__Assignment__. Every line from the beginning of the data through the line containing "Lodge 8in Round Flat Grill Press - Black Lodge" should be reproduced exactly, and no further lines should be output.

__Source data__.
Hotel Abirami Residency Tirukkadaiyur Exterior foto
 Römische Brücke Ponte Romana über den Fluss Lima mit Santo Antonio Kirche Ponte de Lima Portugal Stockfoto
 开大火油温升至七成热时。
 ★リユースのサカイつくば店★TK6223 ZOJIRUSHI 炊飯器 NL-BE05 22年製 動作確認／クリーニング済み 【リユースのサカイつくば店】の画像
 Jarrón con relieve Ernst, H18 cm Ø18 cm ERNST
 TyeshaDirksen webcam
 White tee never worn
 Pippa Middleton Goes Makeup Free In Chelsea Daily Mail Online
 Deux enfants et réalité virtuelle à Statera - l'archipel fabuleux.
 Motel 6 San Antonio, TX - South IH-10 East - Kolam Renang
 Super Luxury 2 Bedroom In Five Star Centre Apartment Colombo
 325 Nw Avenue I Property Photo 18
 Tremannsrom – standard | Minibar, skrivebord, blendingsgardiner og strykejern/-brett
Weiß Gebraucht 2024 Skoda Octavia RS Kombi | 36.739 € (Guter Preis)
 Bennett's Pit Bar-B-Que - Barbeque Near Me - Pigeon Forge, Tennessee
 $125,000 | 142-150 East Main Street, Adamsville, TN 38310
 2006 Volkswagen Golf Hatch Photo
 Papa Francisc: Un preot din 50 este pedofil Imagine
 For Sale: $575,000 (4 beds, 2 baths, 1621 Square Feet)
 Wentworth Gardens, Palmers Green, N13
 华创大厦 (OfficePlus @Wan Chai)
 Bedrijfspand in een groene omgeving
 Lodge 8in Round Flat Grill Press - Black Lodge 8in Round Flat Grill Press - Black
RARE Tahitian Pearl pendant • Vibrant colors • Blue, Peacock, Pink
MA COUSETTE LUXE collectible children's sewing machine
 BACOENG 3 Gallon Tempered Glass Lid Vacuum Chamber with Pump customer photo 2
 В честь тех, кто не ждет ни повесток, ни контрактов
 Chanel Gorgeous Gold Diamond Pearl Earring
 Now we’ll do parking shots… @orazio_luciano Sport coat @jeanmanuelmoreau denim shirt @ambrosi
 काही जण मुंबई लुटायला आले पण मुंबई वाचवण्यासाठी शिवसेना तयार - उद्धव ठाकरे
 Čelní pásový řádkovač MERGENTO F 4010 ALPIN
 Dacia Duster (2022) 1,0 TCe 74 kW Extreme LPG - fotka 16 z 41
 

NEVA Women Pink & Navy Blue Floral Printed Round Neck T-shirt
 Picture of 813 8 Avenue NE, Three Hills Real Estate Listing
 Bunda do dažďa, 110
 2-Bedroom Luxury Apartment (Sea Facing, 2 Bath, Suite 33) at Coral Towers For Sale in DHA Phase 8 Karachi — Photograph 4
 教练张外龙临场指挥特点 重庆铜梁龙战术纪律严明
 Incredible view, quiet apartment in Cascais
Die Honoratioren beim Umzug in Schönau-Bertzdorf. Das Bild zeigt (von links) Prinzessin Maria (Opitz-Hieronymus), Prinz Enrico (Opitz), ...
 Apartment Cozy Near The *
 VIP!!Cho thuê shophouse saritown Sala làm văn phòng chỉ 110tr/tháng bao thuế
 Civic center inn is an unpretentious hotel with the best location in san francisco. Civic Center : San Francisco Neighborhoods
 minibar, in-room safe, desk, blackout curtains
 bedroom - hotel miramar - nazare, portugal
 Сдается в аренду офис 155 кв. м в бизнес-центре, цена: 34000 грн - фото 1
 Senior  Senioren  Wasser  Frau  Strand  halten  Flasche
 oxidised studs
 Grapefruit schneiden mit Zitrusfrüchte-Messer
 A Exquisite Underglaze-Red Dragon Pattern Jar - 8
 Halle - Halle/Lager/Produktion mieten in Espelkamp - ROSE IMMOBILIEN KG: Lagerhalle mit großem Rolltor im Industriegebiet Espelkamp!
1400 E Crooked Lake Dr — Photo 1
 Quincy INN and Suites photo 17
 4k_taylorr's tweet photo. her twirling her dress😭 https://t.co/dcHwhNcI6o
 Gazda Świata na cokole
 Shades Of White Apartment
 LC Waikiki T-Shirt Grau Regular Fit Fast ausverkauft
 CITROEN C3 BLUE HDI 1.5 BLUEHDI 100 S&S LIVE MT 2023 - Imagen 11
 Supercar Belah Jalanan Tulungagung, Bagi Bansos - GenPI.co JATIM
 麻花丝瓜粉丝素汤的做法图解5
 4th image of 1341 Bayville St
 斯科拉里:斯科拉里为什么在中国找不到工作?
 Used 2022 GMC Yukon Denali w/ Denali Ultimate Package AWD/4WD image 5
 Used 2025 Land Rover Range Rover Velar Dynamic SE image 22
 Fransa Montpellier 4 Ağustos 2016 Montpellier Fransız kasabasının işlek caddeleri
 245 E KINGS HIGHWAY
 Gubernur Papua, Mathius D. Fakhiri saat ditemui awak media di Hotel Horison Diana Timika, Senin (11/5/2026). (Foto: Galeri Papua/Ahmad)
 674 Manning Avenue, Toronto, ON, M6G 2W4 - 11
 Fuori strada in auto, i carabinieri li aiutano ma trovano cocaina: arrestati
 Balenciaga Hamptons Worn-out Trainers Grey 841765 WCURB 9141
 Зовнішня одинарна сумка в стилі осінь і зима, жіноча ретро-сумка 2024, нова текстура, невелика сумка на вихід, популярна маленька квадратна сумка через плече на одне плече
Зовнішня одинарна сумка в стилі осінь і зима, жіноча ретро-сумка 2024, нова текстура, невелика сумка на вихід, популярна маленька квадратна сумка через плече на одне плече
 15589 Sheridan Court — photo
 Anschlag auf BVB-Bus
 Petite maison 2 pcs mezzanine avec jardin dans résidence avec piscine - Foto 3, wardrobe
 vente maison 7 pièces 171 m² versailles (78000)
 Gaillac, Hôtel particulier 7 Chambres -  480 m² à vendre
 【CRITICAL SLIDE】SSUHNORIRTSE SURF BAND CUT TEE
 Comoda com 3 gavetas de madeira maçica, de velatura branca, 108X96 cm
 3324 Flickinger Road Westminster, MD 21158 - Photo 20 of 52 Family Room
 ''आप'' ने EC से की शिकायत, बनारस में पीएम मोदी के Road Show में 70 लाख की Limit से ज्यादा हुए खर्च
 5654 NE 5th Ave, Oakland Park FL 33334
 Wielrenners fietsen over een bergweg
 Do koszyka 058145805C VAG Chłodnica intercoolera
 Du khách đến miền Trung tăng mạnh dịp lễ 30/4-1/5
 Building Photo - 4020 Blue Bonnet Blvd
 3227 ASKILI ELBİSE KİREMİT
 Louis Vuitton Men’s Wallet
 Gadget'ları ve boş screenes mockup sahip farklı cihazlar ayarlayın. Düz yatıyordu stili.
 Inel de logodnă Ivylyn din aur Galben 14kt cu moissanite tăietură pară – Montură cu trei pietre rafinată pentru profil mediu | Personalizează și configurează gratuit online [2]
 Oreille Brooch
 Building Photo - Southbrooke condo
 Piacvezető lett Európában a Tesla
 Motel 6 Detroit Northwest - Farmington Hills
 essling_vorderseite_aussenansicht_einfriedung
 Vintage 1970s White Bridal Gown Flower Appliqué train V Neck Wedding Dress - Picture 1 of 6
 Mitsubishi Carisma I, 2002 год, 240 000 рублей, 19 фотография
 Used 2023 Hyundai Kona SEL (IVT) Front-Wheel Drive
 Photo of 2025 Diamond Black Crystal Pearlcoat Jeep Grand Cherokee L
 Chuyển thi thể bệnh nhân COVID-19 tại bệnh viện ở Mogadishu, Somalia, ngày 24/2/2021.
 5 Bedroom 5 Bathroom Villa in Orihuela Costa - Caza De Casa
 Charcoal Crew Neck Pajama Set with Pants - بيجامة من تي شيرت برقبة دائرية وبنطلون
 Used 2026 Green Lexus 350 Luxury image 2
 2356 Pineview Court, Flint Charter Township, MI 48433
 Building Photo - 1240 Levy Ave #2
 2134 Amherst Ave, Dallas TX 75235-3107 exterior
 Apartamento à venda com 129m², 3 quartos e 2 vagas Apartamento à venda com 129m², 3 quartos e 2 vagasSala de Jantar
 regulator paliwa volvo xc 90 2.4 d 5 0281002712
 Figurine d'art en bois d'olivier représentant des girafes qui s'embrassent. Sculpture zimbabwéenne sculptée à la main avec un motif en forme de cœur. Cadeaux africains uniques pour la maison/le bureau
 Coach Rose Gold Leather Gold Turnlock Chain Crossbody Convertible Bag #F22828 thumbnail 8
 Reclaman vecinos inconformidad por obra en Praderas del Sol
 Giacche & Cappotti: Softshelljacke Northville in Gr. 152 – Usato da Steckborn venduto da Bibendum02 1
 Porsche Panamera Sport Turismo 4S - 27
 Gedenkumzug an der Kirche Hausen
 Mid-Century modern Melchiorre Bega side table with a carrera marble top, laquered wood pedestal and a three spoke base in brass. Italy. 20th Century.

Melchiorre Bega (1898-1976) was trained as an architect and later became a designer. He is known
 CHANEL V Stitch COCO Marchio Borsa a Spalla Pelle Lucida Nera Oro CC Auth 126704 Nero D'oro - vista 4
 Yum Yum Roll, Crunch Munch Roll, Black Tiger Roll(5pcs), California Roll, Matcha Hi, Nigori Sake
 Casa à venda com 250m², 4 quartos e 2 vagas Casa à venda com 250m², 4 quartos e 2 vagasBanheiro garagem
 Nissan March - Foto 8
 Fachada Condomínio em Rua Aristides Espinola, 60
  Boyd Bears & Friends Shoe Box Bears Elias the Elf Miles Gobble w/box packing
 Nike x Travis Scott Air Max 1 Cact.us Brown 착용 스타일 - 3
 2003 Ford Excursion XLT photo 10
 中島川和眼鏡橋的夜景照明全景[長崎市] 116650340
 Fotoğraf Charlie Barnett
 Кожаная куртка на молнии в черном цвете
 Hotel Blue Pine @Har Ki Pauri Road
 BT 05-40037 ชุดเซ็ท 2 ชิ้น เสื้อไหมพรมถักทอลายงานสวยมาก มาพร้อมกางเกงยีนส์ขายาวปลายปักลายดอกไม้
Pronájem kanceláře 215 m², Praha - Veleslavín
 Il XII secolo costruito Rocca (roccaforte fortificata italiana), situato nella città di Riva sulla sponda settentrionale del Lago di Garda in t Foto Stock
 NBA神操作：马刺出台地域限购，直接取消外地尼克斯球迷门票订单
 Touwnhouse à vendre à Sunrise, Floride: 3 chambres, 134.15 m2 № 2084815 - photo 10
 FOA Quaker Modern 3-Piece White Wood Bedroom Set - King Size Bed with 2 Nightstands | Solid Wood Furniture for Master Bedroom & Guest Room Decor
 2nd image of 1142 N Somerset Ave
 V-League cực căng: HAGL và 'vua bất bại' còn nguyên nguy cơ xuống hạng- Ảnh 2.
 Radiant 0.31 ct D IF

__Result__.
Hotel Abirami Residency Tirukkadaiyur Exterior foto
 Römische Brücke Ponte Romana über den Fluss Lima mit Santo Antonio Kirche Ponte de Lima Portugal Stockfoto
 开大火油温升至七成热时。
 ★リユースのサカイつくば店★TK6223 ZOJIRUSHI 炊飯器 NL-BE05 22年製 動作確認／クリーニング済み 【リユースのサカイつくば店】の画像
 Jarrón con relieve Ernst, H18 cm Ø18 cm ERNST
 TyeshaDirksen webcam
 White tee never worn
 Pippa Middleton Goes Makeup Free In Chelsea Daily Mail Online
 Deux enfants et réalité virtuelle à Statera - l'archipel fabuleux.
 Motel 6 San Antonio, TX - South IH-10 East - Kolam Renang
 Super Luxury 2 Bedroom In Five Star Centre Apartment Colombo
 325 Nw Avenue I Property Photo 18
 Tremannsrom – standard | Minibar, skrivebord, blendingsgardiner og strykejern/-brett
Weiß Gebraucht 2024 Skoda Octavia RS Kombi | 36.739 € (Guter Preis)
 Bennett's Pit Bar-B-Que - Barbeque Near Me - Pigeon Forge, Tennessee
 $125,000 | 142-150 East Main Street, Adamsville, TN 38310
 2006 Volkswagen Golf Hatch Photo
 Papa Francisc: Un preot din 50 este pedofil Imagine
 For Sale: $575,000 (4 beds, 2 baths, 1621 Square Feet)
 Wentworth Gardens, Palmers Green, N13
 华创大厦 (OfficePlus @Wan Chai)
 Bedrijfspand in een groene omgeving
 Lodge 8in Round Flat Grill Press - Black Lodge 8in Round Flat Grill Press - Black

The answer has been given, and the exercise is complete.